■ **WHAT THIS TASK INVOLVES**: Everything from the line holding "Final Fantasy Xv" to the end of the listing below should be copied exactly, line for line, minus the pictures.

■ **DATA BELOW**:
=-=-=-=-=
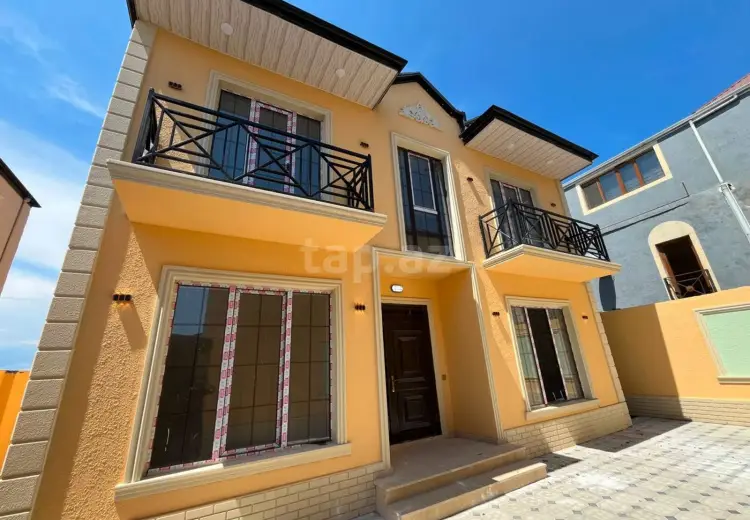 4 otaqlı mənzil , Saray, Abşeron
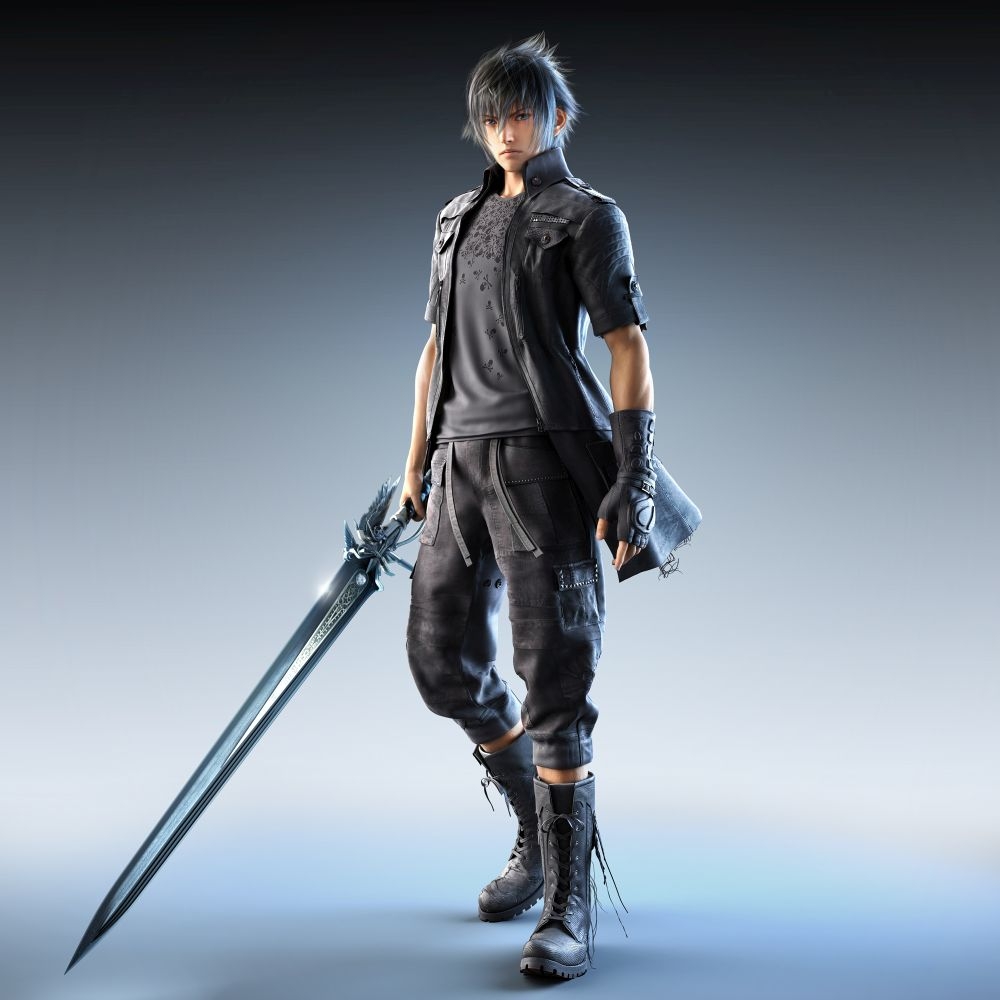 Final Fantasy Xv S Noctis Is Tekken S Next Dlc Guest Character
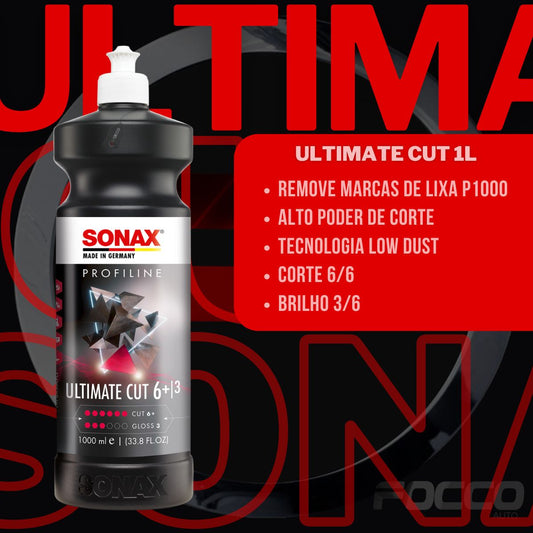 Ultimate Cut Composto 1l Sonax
=-=-=-=-=
■ **EXERCISE RESULT**:
 Final Fantasy Xv S Noctis Is Tekken S Next Dlc Guest Character
 Ultimate Cut Composto 1l Sonax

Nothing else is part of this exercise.